Des billets d'euros (image d'illustration). (NICOLAS KOVARIK / MAXPPP)

Les Français aiment le crédit. Entre le mois d'avril et le mois de juin, le volume de prêts à la consommation a progressé pour atteindre pratiquement le double du trimestre précédent (+1%). Le financement d’automobiles d’occasion a été dynamique (+8,5%), moins pour les véhicules neufs. Les Français aiment également de plus en plus la Location avec option d’achat (LOA). Pour ce qui est de l’habitat, le financement de l’amélioration de son hébergement et l’achat de biens d’équipements du foyer se sont envolés de 16%, toujours au deuxième trimestre.

Risque de surendettement

L’inflation restant relativement faible, la différence entre les prix et les salaires ne s’est pas faite au détriment des salariés. Il y aussi, bien sûr, le faible niveau des taux d’intérêts. Tout cela a dégagé suffisamment de pouvoir d’achat pour entretenir une appétence des Français pour la consommation.

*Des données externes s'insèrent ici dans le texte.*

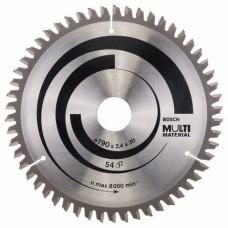 Bosch Piła tarczowa 190x30x2,4mm 54z. MULTI MATERIAL - 2608640509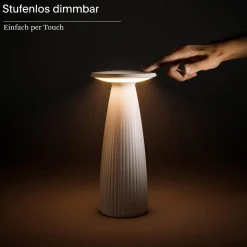 Sigor Nuflair LED Akkuleuchte & Vase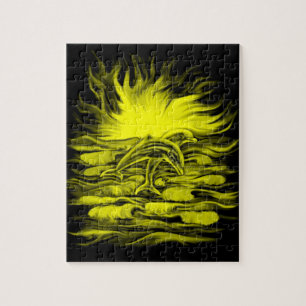 Dolfijnenpaar in de zon legpuzzel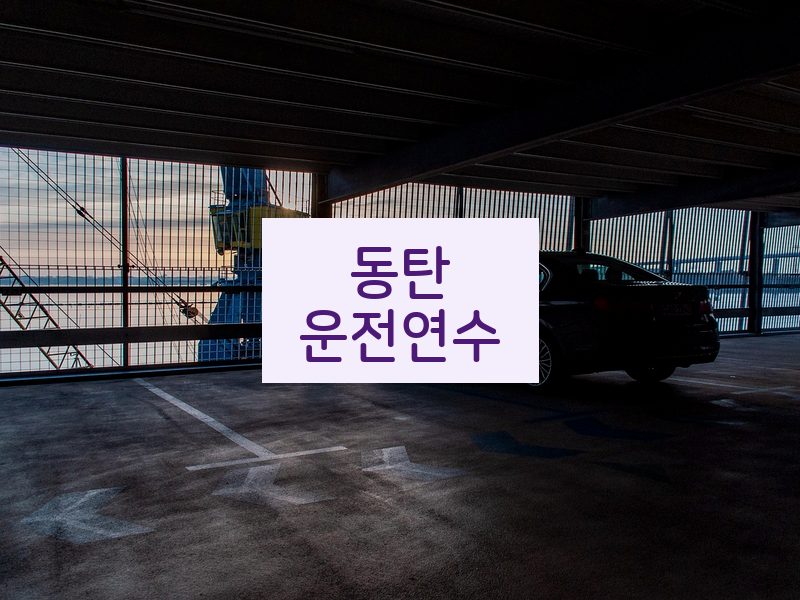 동탄운전연수 후기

Est-ce pour autant le signe qu'ils ont plus de projets en tête ? C’est au moins le signe d’une certaine confiance retrouvée. Mais attention au revers de la médaille qui est le surendettement des ménages. Grâce aux taux d’intérêts très bas, on peut aujourd’hui emprunter à bon compte. Nous retrouvons d’ailleurs le même phénomène avec les entreprises.

Surveillance rapprochée

Les autorités monétaires, la Banque de France notamment, se sont récemment inquiétées de cet emballement du crédit. L’an dernier déjà, les crédits accordés par les banques et différents organismes, aux ménages et aux entreprises, avaient augmenté de 6% alors que l’économie ne progressait que d’1,5%. C’est ce risque de surchauffe que la Banque de France surveille comme le lait sur le feu.

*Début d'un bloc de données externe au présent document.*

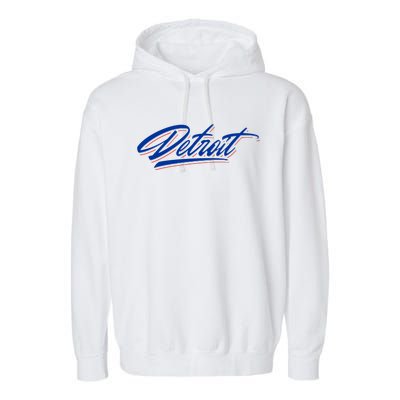 Detroit Sports Script Garment-Dyed Fleece Hoodie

Elle demande aux banques commerciales de mettre des réserves de côté pour pouvoir amortir le choc en cas de coup dur. C’est ce qui s’appelle, de manière très romantique, un "coussin contracyclique". Une douce protection pour parer à tout choc frontal.

Des billets d\'euros (image d\'illustration).
Des billets d'euros (image d'illustration). (NICOLAS KOVARIK / MAXPPP)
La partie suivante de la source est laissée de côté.